Initiative 594 closes loopholes in background check laws so that people who buy guns through Craigslist and Facebook, or in garages, or at gun shows are required to undergo a quick background check, just like they would at a licensed store—thus making it harder for any ol' criminal or crazy person to get their hands on a firearm. "I-594 has the best chance of saving the most lives," says Cheryl Stumbo, a survivor of the 2006 Jewish Federation shooting and the initiative's citizen sponsor. According to the measure's backers, in states with universal background checks, 38 percent fewer women are killed by an intimate partner, 49 percent fewer people commit suicide, and 39 percent fewer law enforcement officers are killed. These states also have dramatically lower levels of gun crime.

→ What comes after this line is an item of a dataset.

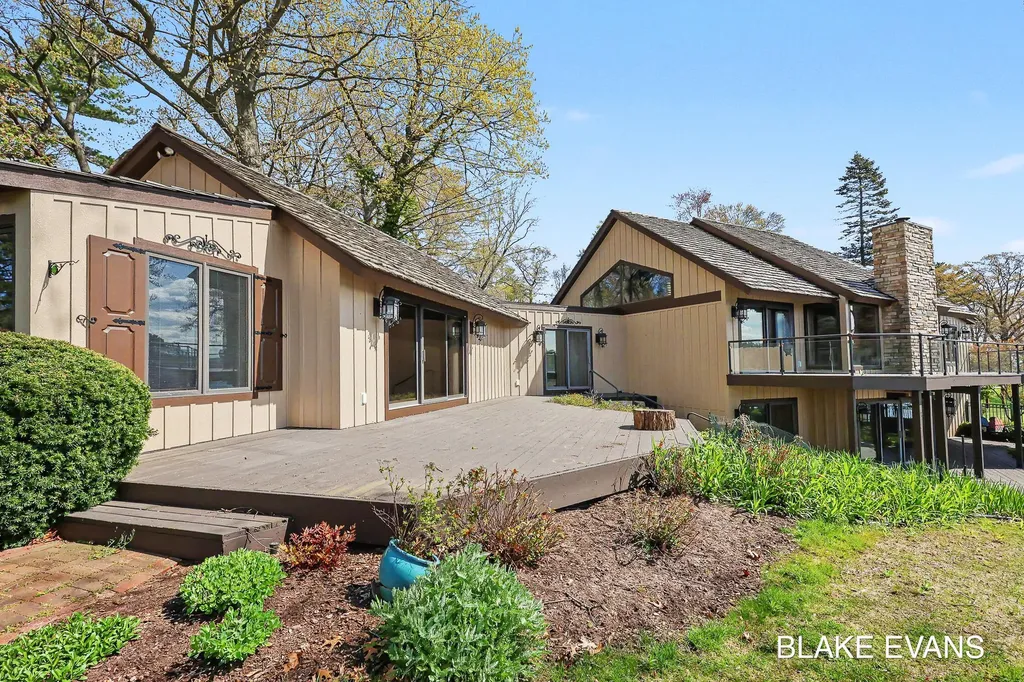 4069 Forest Point Drive Norton Shores City MI 49441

As we put these words to print, the first television ad against I-594 is beaming across airwaves in Washington State, thanks to the financial largesse of the National Rifle Association (NRA). Turnout in Seattle, the state's biggest and most progressive city, is going to be crucial to passing this thing. Remember the horror of the Seattle Pacific University shooting? Remember Sandy Hook? Remember shootings at the University of Santa Barbara? Remember Columbine? This shit has to stop, and if we want it to stop, we have to break the stranglehold the NRA has on the country's gun laws by enacting reasonable regulations on lethal weapons. I-594 represents a chance to do that here at home. Do it for Stumbo. Do it for the safety of your family and friends. Vote yes on I-594.